Greenham Common History. 'Greenham Common - a name linked world-wide with the awesome potential of nuclear deterrence and the protest movement it gave rise to. But there is a bigger story; here we explore the history of one thousand acres of open land near Newbury in Berkshire. ' (via)
posted by plep (3 comments total) 1 user marked this as a favorite
 
very interesting--i can't believe the peace camps lasted so long, and it's great that finally the land/base is back to the town.
posted by amberglow at 5:51 AM on October 17, 2004


I visited Greenham for the first time last year, for the opening of the memorial to Helen Thomas, in the Peace Garden. Very strange place, an oasis of calm sandwiched between a thundering road and the part of the Base now turned into an industrial estate.

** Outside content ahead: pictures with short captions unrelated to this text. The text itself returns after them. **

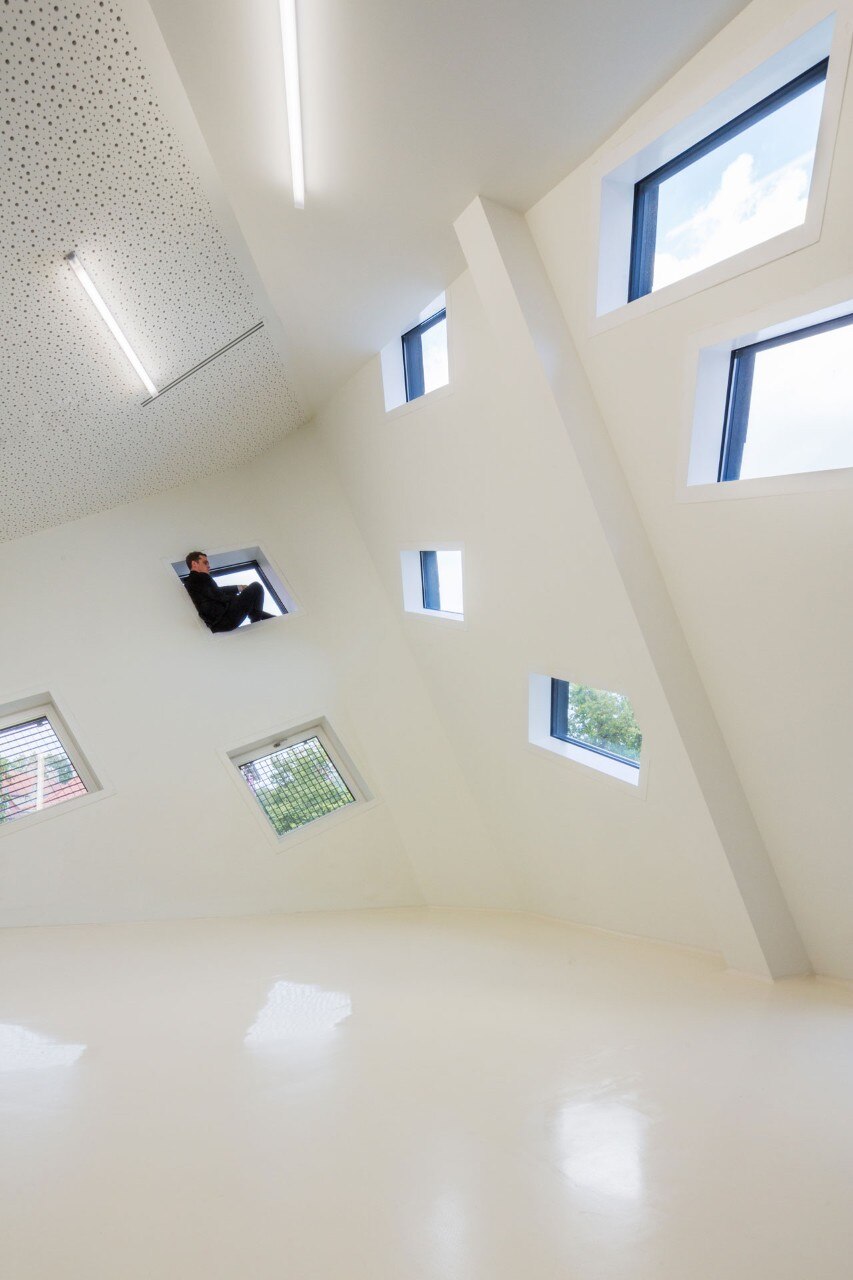 Paul le Quernec: cultural centre Mulhouse. Photo © 11h45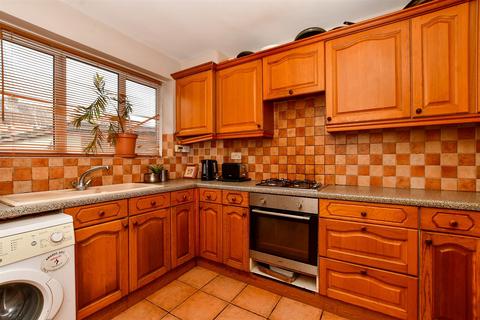 3 Rees Gardens, Croydon, CR0 6HT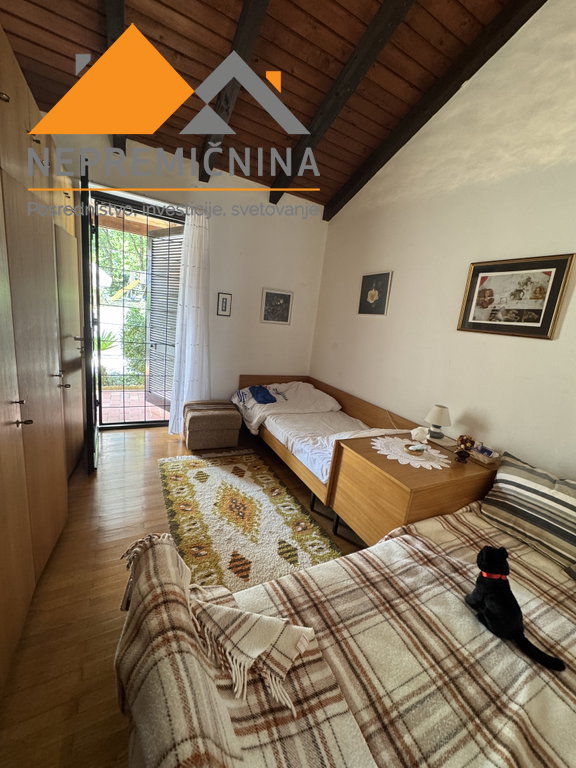Lokacija: Hrvaška, Istarska županija, Poreč, Červar-Porat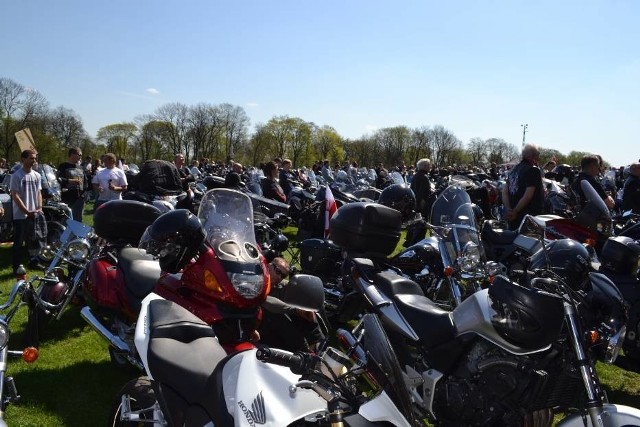 Motocyklista zginął w wypadku na DK46 w Odrzykoniu. Najprawdopodobniej wracał ze Zlotu Gwiaździstego pod Jasną Górą.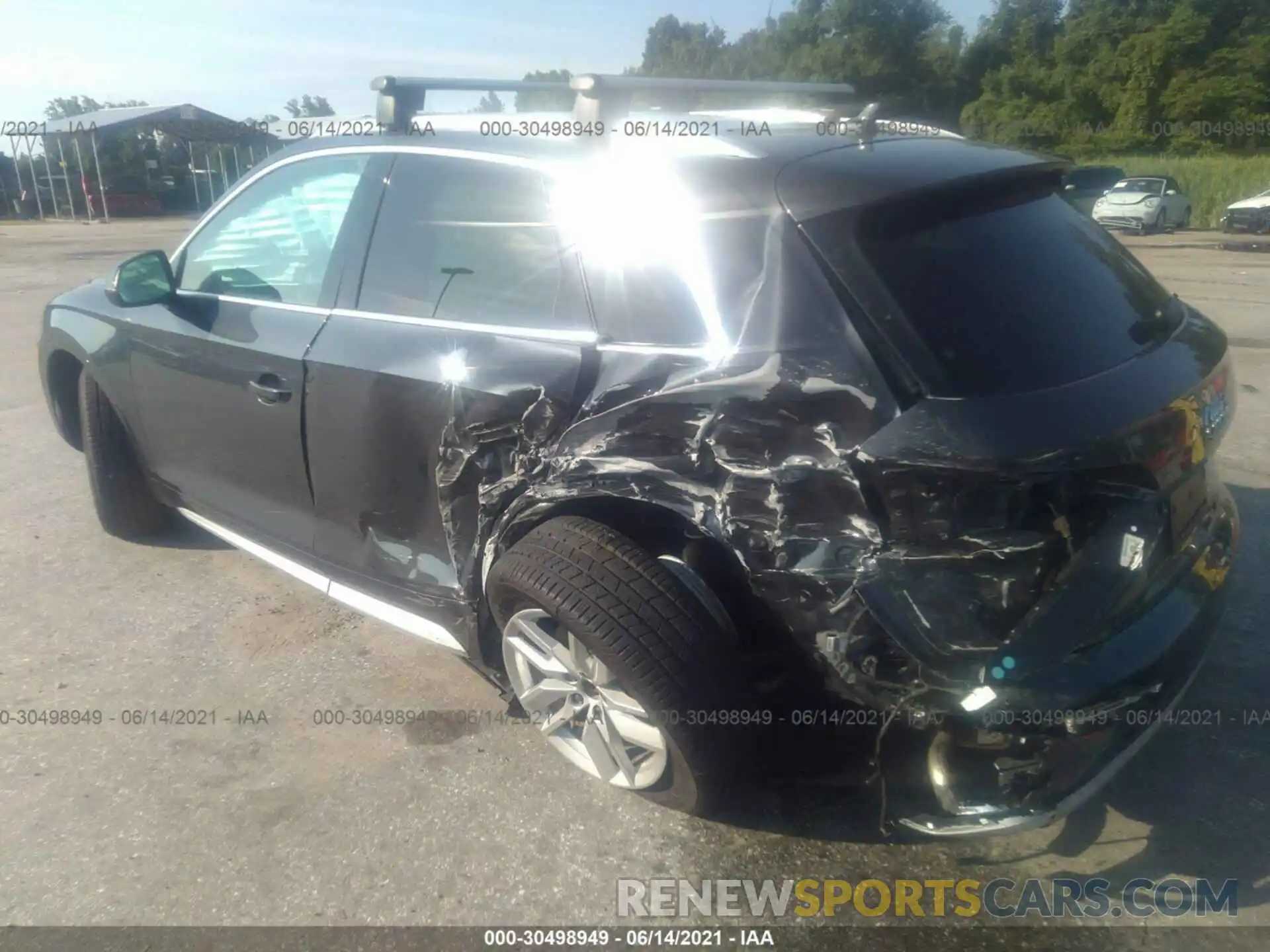 3 Photograph of a damaged car WA1ANAFY8L2079526 AUDI Q5 2020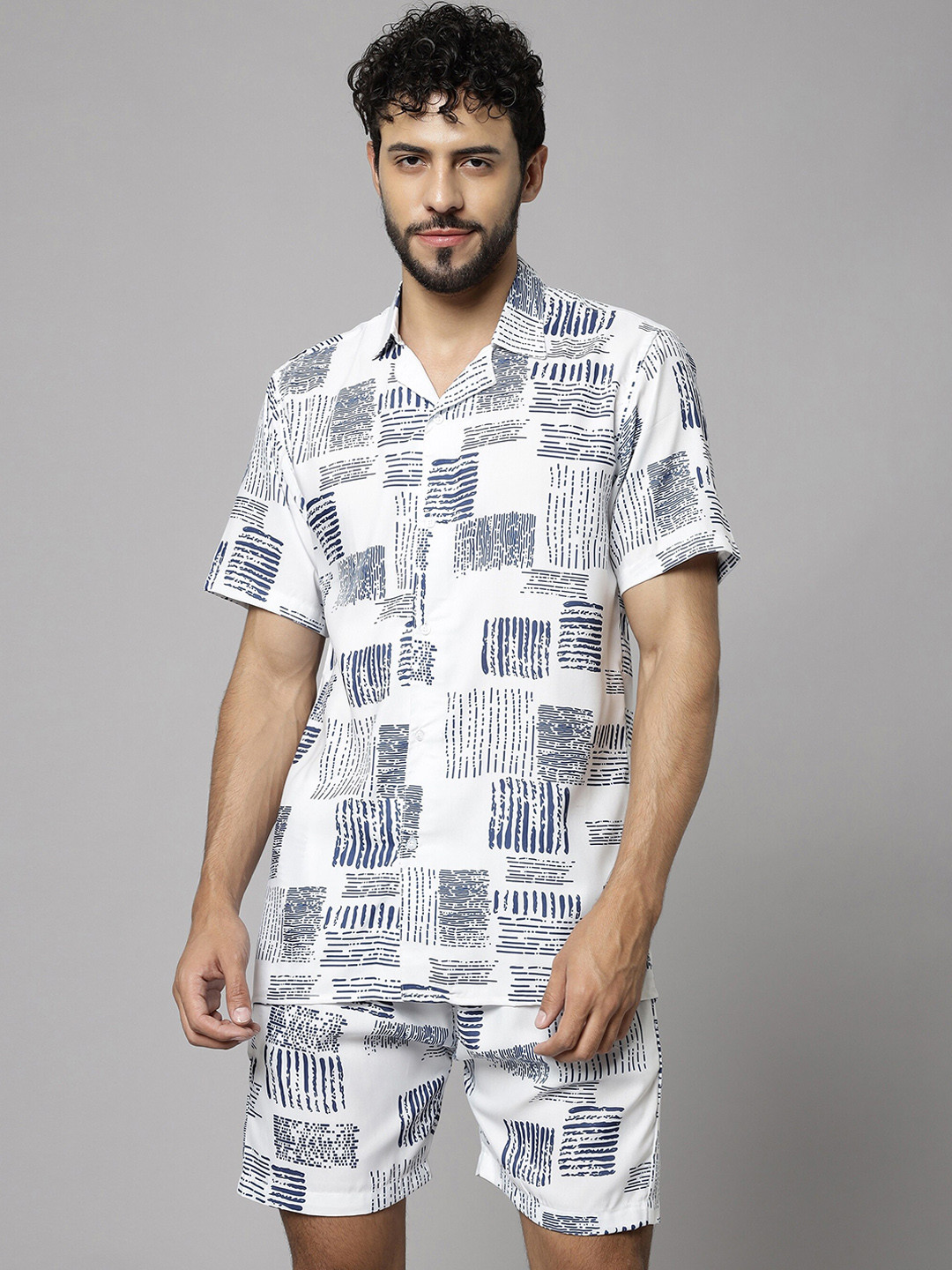 

Vrundavan ethics Abstract Printed Shirt With Shorts, White
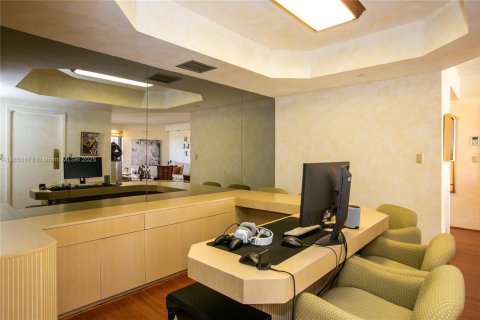 Condominio en venta en Aventura, Florida, 2 dormitorios, 150.69 m2 № 1854928 - foto 9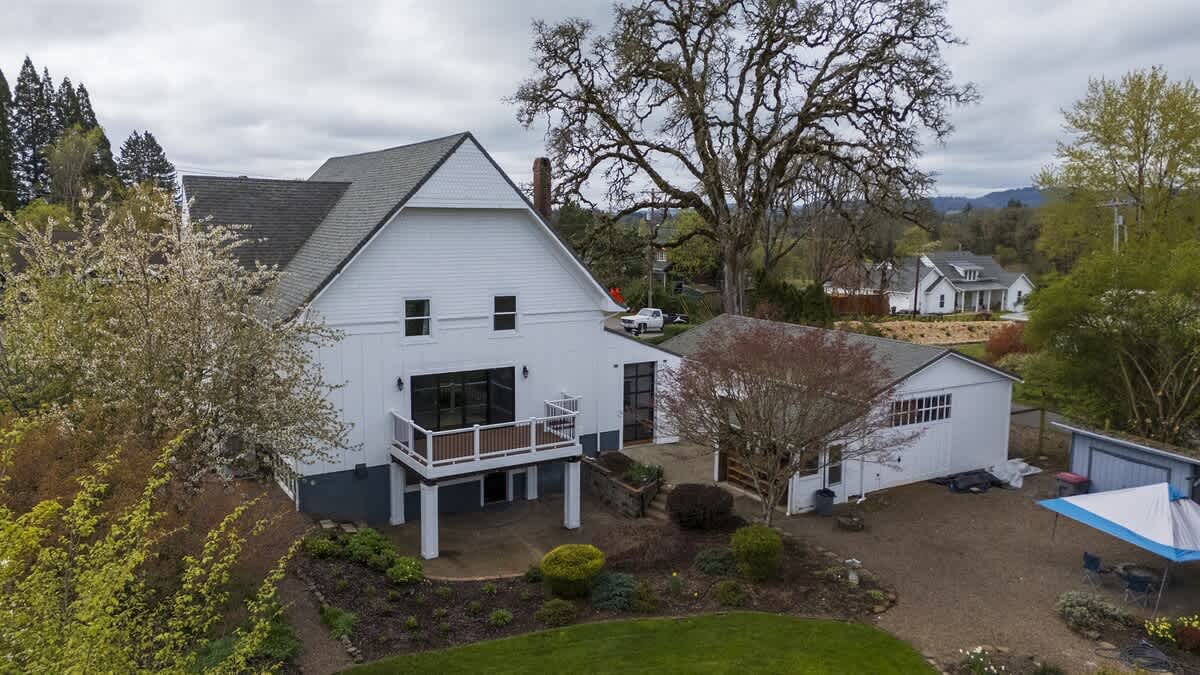 Vintage Terrace: Historic Charm Group-Ready HotTub — photo 5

More background about the peace protests, from the BBC.
posted by ceiriog at 9:17 AM on October 17, 2004


plep, thank you as always. I spent a week at Greenham Common in July of 1983 (and somewhere in a British filing cabinet sits my arrest record, I imagine). It was a troubling, chaotic, and fantastically inspiring place, full of life. There were genuinely marginal women there, and some full of a towering spiritual authority, and girls flirting with the soldiers through the fences, and always a constant sense of invention and purpose.